Tenho que ficar por aqui pois já são caracteres a mais....
.... pois continuando, mas pouco, para não incomodar...
Para não me alongar, que isto já se estendeu, vou referir que na "terrinha" onde cresci e vivi, e como disse na minha apresentação ao Blogue (já faz tanto tempo...), onde tive a felicidade de beneficiar das várias "universidades" que Vila Franca facultava aos seus habitantes, também havia uma "Escola Primária Conde Ferreira", também junto ao Adro da Igreja, mas eu frequentei a "Escola do Bacalhau" que ficava distante da Conde Ferreira a largura duma rua que ia até ao "Monte Gordo" com a pedreira do "António Maria", aquele monte esburacado que se vê sobranceiro a Vila Franca, e umas casas térreas, pequenas, encostadas ao muro da Escola do Bacalhau.
Esta, do Bacalhau, era uma escola mista, no sentido de que também havia o sector feminino mas nada de misturas, aulas separadas, alas separadas, recreios separados...
As nossas brincadeiras nos recreios não seriam muito diferentes dos que relembras mas tínhamos, naturalmente, um outro aspecto que no teu relato não consta: brincávamos "aos
toiros"... um dos rapazes "era o toiro", por isso levava dois pauzinhos, um em cada mão, e lá ia atingindo um ou outro dos que se aventuravam a enfrentá-lo.

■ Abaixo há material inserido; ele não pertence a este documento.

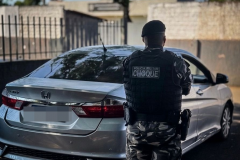 PMPR prende homem com veículo furtado e adulterado em Maringá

Também tínhamos um outro entretém que, bem vistas as coisas, nos ia preparando para quando chegámos aos nossos 20 anos... era a guerra de pedrada entre a "Conde Ferreira" e o "Bacalhau" que tinha vantagem por ter um muro enquanto a "Conde Ferreira" tinha guardas em ferro mas espaçadas e nada protegiam. Ao longo do tempo, algumas cabeças partidas e telhas das tais casinhas encostadas.

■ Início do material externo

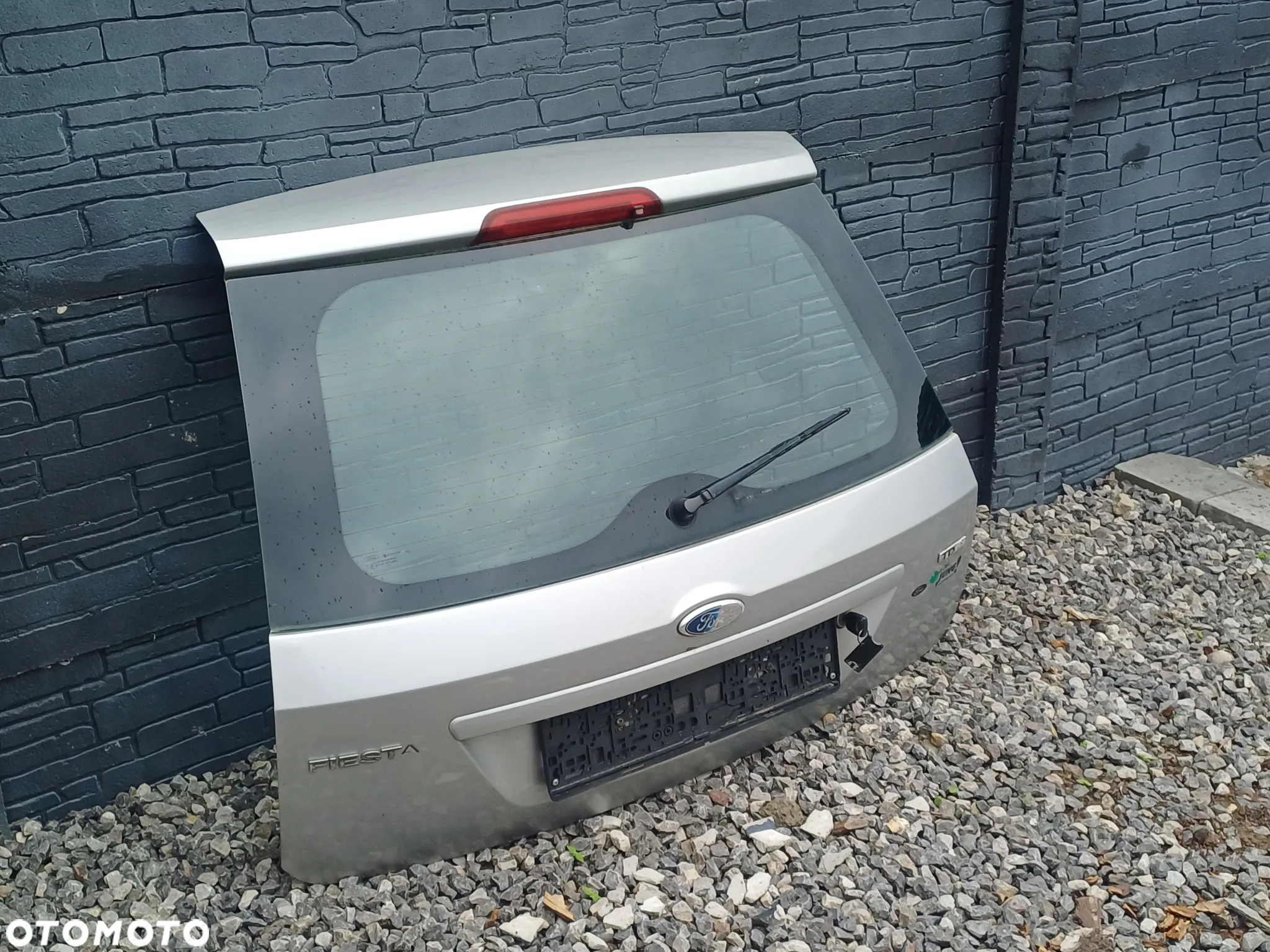 KLAPA BAGAŻNIKA FORD FIESTA MK6 TYŁ 62 - 2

Ainda vou referir que o meu Professor Afonso não tinha uma "menina dos cinco olhos"... tinha a "Mariana".... uma régua (um pedaço de pau) bem jeitosa, duma madeira rija que ele usava para "abrir a mente" aos insubordinados, aos distraídos, aos que erravam... às vezes era uma "geral"... fui contemplado (apesar de ser um "menino do Professor") com 2 reguadas na 1ª Classe, com 4 na 2ª Classe e depois perdi a conta, principalmente por via das "colectivas". A expressão que usava era "salta a Mariana!" e vai disto, umas reguadas nas palmas das mãos, bem puxadas de cima a baixo. Como é natural, havia uns mariquinhas que choravam logo, outros que aguentavam mais tempo e havia até quem por raiva e/ou determinação, aguentava sem manifestação de fraqueza.
Vou ficar por aqui.
De manhã, se tiver embalagem, comento mais alguma coisa.